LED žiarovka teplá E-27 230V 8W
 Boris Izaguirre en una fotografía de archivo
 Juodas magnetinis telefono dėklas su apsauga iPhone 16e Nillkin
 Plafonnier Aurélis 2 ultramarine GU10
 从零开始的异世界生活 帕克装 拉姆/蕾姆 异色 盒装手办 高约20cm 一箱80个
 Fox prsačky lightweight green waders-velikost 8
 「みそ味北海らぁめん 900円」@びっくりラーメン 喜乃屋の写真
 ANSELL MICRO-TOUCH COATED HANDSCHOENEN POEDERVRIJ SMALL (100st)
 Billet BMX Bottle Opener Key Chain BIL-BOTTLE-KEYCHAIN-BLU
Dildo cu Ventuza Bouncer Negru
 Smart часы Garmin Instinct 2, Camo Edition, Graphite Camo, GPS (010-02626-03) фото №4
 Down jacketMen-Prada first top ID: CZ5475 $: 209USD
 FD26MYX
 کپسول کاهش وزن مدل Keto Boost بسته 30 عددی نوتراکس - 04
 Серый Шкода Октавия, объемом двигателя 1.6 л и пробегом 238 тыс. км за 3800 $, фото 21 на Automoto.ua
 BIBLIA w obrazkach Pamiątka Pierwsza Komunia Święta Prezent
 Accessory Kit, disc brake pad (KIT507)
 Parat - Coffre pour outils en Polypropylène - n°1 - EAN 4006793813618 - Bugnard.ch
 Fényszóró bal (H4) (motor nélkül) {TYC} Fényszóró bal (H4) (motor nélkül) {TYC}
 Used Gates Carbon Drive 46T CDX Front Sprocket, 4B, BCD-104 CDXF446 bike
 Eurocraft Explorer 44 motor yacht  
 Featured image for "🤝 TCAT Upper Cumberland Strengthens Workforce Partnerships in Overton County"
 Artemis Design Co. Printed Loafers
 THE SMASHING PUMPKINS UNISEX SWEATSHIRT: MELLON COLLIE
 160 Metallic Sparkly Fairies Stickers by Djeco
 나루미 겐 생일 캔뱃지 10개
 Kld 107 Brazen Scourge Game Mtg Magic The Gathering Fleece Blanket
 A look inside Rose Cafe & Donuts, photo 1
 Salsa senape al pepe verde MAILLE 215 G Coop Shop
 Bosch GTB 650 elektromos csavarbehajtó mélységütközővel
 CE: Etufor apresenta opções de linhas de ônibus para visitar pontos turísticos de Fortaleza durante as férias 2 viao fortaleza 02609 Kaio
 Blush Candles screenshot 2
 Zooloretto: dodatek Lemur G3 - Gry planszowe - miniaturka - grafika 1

----------------------------------------

From the records above, extract exactly and only the lines that begin at the line with "Smart часы Garmin" and stop after the line with "Used Gates Carbon".

## RESULT OF THE TASK
 Smart часы Garmin Instinct 2, Camo Edition, Graphite Camo, GPS (010-02626-03) фото №4
 Down jacketMen-Prada first top ID: CZ5475 $: 209USD
 FD26MYX
 کپسول کاهش وزن مدل Keto Boost بسته 30 عددی نوتراکس - 04
 Серый Шкода Октавия, объемом двигателя 1.6 л и пробегом 238 тыс. км за 3800 $, фото 21 на Automoto.ua
 BIBLIA w obrazkach Pamiątka Pierwsza Komunia Święta Prezent
 Accessory Kit, disc brake pad (KIT507)
 Parat - Coffre pour outils en Polypropylène - n°1 - EAN 4006793813618 - Bugnard.ch
 Fényszóró bal (H4) (motor nélkül) {TYC} Fényszóró bal (H4) (motor nélkül) {TYC}
 Used Gates Carbon Drive 46T CDX Front Sprocket, 4B, BCD-104 CDXF446 bike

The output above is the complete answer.